When assigning codes to qualitative data, it is recommended that certain criteria be set. You assume, for example, that coding is not arbitrary or random, but rather that a certain level of reliability will be reached. The MAXQDA Intercoder Agreement function makes it possible to compare two people coding the same document independently of each other. In qualitative research, the purpose of comparing independent coders is to discuss the differences, figure out why they occurred, and learn from the differences in order to improve coding agreement in the future. In other words, the actual percentage of agreement is not the most important aspect of the tool. This percentage is, however, provided by MAXQDA.

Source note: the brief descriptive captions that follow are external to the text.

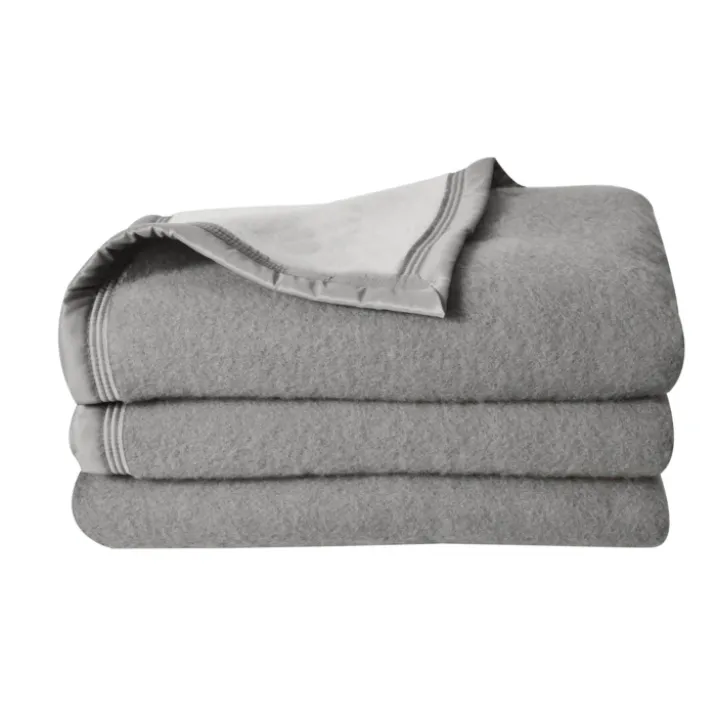 Couverturelaine Woolmark double face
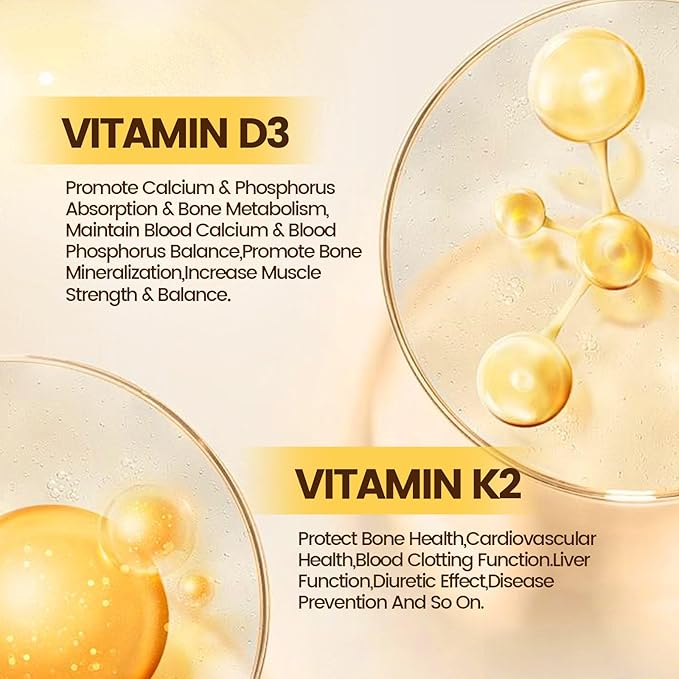 Vitamin D3 10000 iu Plus K2 (MK-7) 200 mcg, 300 Coconut Oil Softgels| 2 in 1 VIT D & K Complex | Supports Calcium Absorption, Bone, Immune, & Heart Health – Easy to Swallow (900 Softgels /3 Bag)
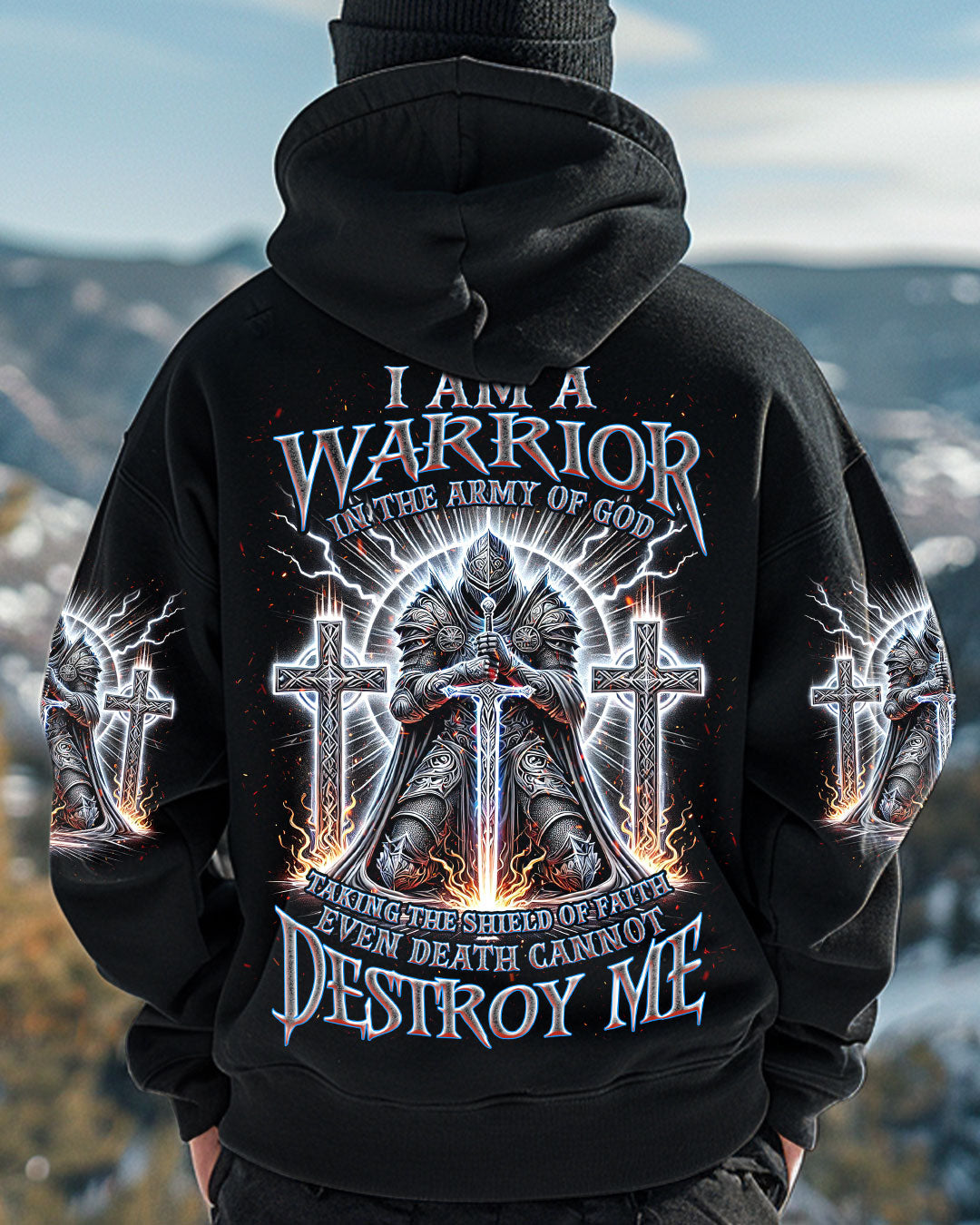 I Am A Warrior In The Army Of God Men's All Over Print Shirt - Tlnz0412242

It is always the goal of qualitative analysts to achieve as high a level of agreement as possible between independent coders. It is not, however, focused on getting to a standard coefficient that is statistically necessary as in quantitative research. Rather, the focus is on a practical improvement of the coding quality. For this reason, one doesn’t focus on the coefficient or percentage of agreement (i.e. the percentage of matching code assignments). Instead, qualitative researchers want to address and edit the code assignments that do not match, so that they can move on with more accurately coded material.

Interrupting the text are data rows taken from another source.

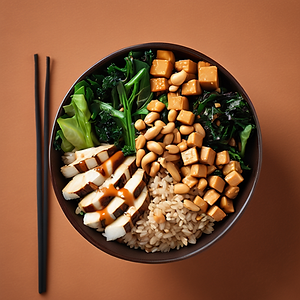Brown Rice Buddha Bowl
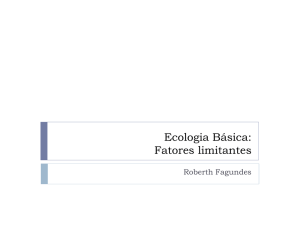 Ecologia Básica: Fatores limitantes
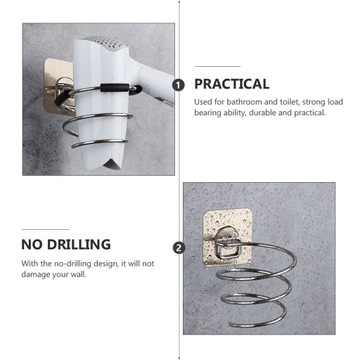 Настенный держатель для сушилки из нержавеющей стали.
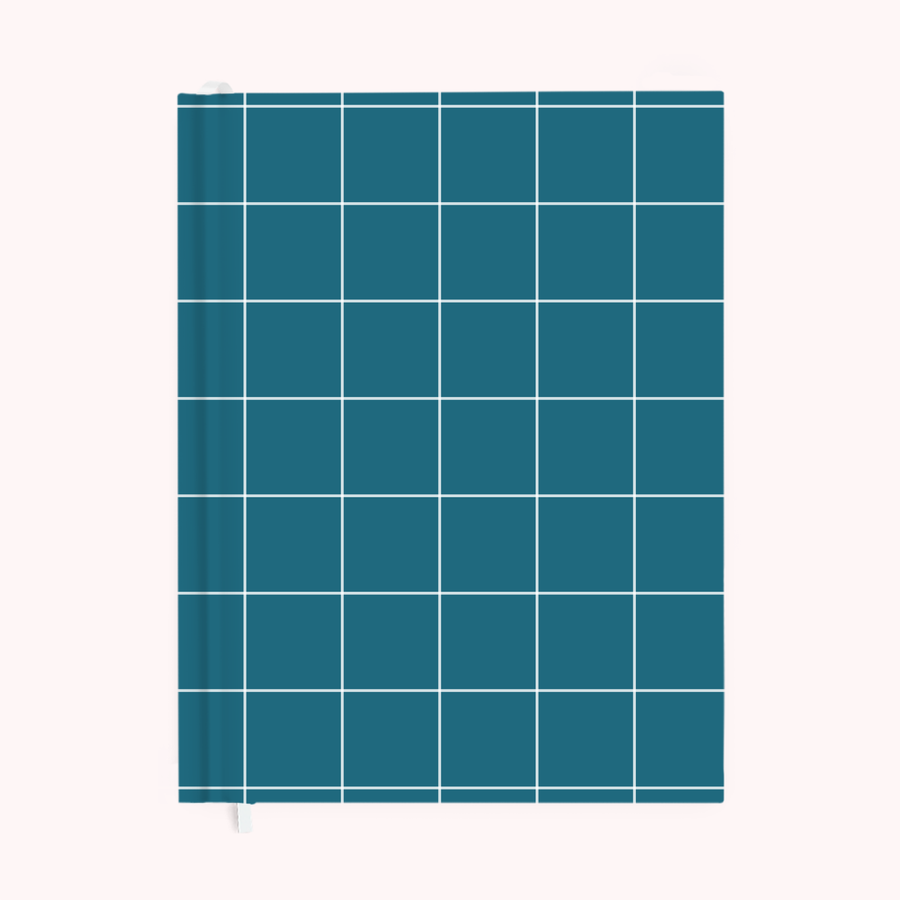 Grid Elm Large Notebook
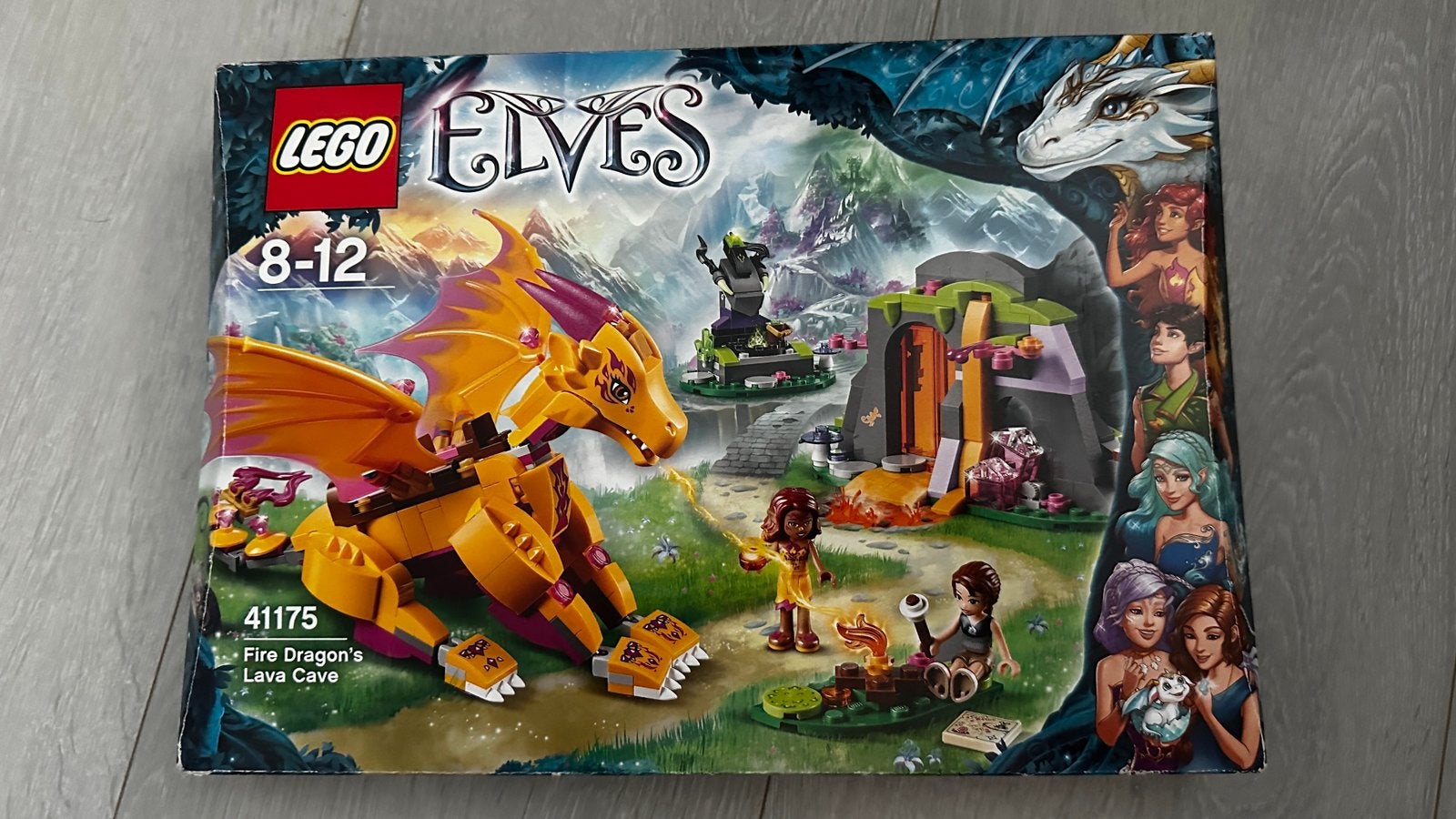 Lego - Elves - De lavagrot van de vuurdraak (41175) CONPLEET, Ophalen of Verzenden, Zo goed als nieuw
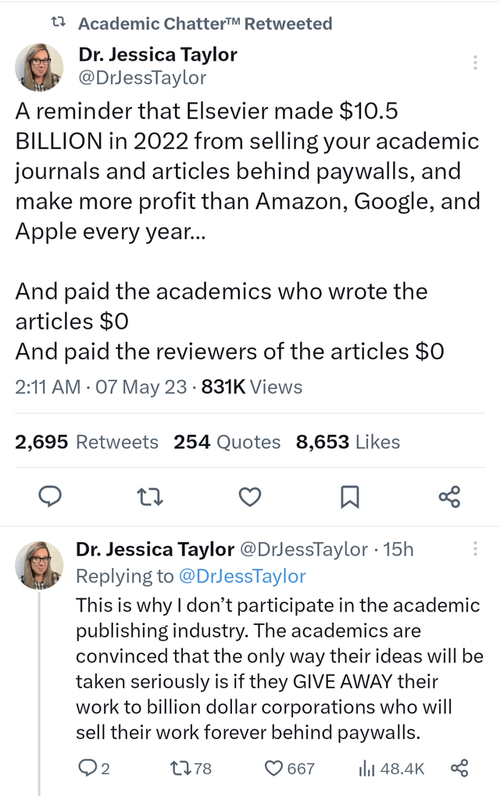r/academia - Academic publishing is broken, bordering on corrupt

The intercoder agreement procedure
Checking the intercoder agreement involves the following:
- Two coders process the identical document independently and code it according to mutually agreed code definitions. This can be done on the same computer or on separate computers. Of course, it is important that both coders cannot see what the other person has coded.
- The two identical documents coded by different coders must be contained in the same MAXQDA project. The documents must have the same name, but must be in different document groups.
The following procedure is recommended:
- Make sure that all documents to be coded by a second person are assigned to a document group (it does not have to be the same document group, the documents can also be distributed across several groups).
- Activate the documents that are to be coded by a second person. Using the Home > Project from Activated Documents function, create a project copy that contains only the previously activated documents.
- Pass this project copy on to the second coder.
- Both coders write their names behind all document groups.
- Both coders independently code the data and add new codes if necessary necessary (it might be helpful to agree on a specific code color for these new codes).
- Use the function Home > Merge Projects to merge both projects into one. The “Document System” will look like this:
- Now MAXQDA’s Intercoder Agreement function can be used to compare the code assignments.
- Once the comparison is complete, these added documents can be deleted.
Opening the Intercoder Agreement function
You can start the procedure via Analysis > Intercoder Agreement to check whether two coders agree or disagree in their assignment of codes.
The following dialog box will appear, in which you can adjust the settings for checking the intercoder agreement.
- Select the document group or document set with the document assigned to Coder 1 in the upper drop-down menu and the document assigned to Coder 2 in the lower drop-down menu.
- You can limit the analysis to the currently activated documents and/or codes by selecting the appropriate options.
- In the lower area you can choose between three alternative analysis levels:
Option 1 (document comparison level): Code occurrence in the document
The criterion is the occurrence or absence of a code in the document (i.e.: code occurs vs. code does not occur). This option can be useful, for example, if you are working with relatively short documents, such as free text responses to a survey, and with a large number of codes.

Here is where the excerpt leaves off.